"Our morality is our religion. . . . God, the acme of highest reason, of surest truth, and of the most sublime justice, does not demand any useless external forms and ceremonies."
And it went downhill from there:
In 1879, Jacob Gordin founded in Yelisavetgrad a sort of ethical culture society called Bibleitsy (also Dukhovnoye Bibleyskoye Bratstvo, Spiritual Bible Brotherhood), which obtained a considerable following among the workmen of the section. It advocated the abolition of ritual observances, even prayer, and the hastening of the era of the brotherhood of man. It preached, in the words of one of its leaders, that "our morality is our religion.

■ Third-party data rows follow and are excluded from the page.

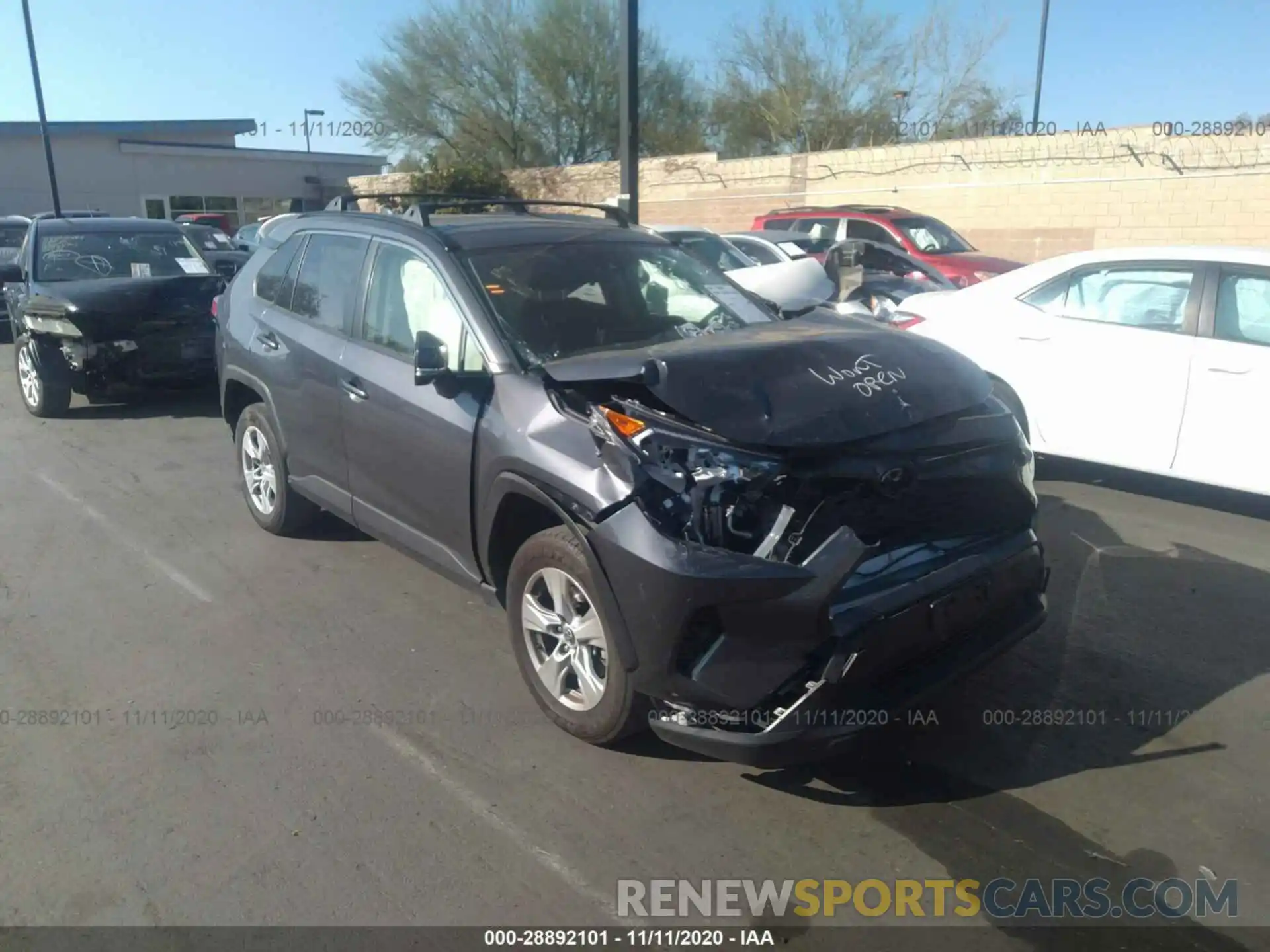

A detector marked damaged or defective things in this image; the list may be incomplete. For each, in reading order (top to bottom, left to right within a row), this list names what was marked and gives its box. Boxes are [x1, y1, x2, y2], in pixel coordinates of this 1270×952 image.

black damaged sedan [3, 216, 226, 416]
black damaged sedan [218, 199, 1046, 766]
crumpled hood [540, 311, 995, 449]
crumpled hood [731, 255, 838, 311]
detached front bumper [584, 508, 1041, 766]
damaged front end [581, 388, 1046, 766]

God, the acme of highest reason, of surest truth, and of the most sublime justice, does not demand useless external forms and ceremonies." Following the organization of the Bibleitsy, and based on almost the same principles, branches of a Jewish sect, which called itself New Israel (Novy Izrail), were started almost simultaneously in Odessa and Kishinev. In the former city, the organization was headed by Jacob Prelooker, in the latter, by Joseph Rabinowitz. Prelooker, who after graduating from the seminary at Zhitomir became a school-master at Odessa, sought to bring about a consolidation between his own people and Russian Dissenters (Raskolniki: the Molocans, Stundists, and Dukhobortzi). The theme of his book, "New Israel", is a "reformed synagogue, a mitigation of the cleavage between Jew and Christian, and recognition of a common brotherhood in religion." Rabinowitz went still further, and preached on actual conversion to one of the more liberal forms of Christianity. These sects, which sprang up in church and synagogue during the latterpart of the "seventies," were the outcome of political and social as well as religious unrest.
Somehow, to my mind, that resonates with the style and essence of our Jewish less-than-pro-Israel people in JVP, at Tikkun, in J Street, Yachad,and including Peter Berinart and associates.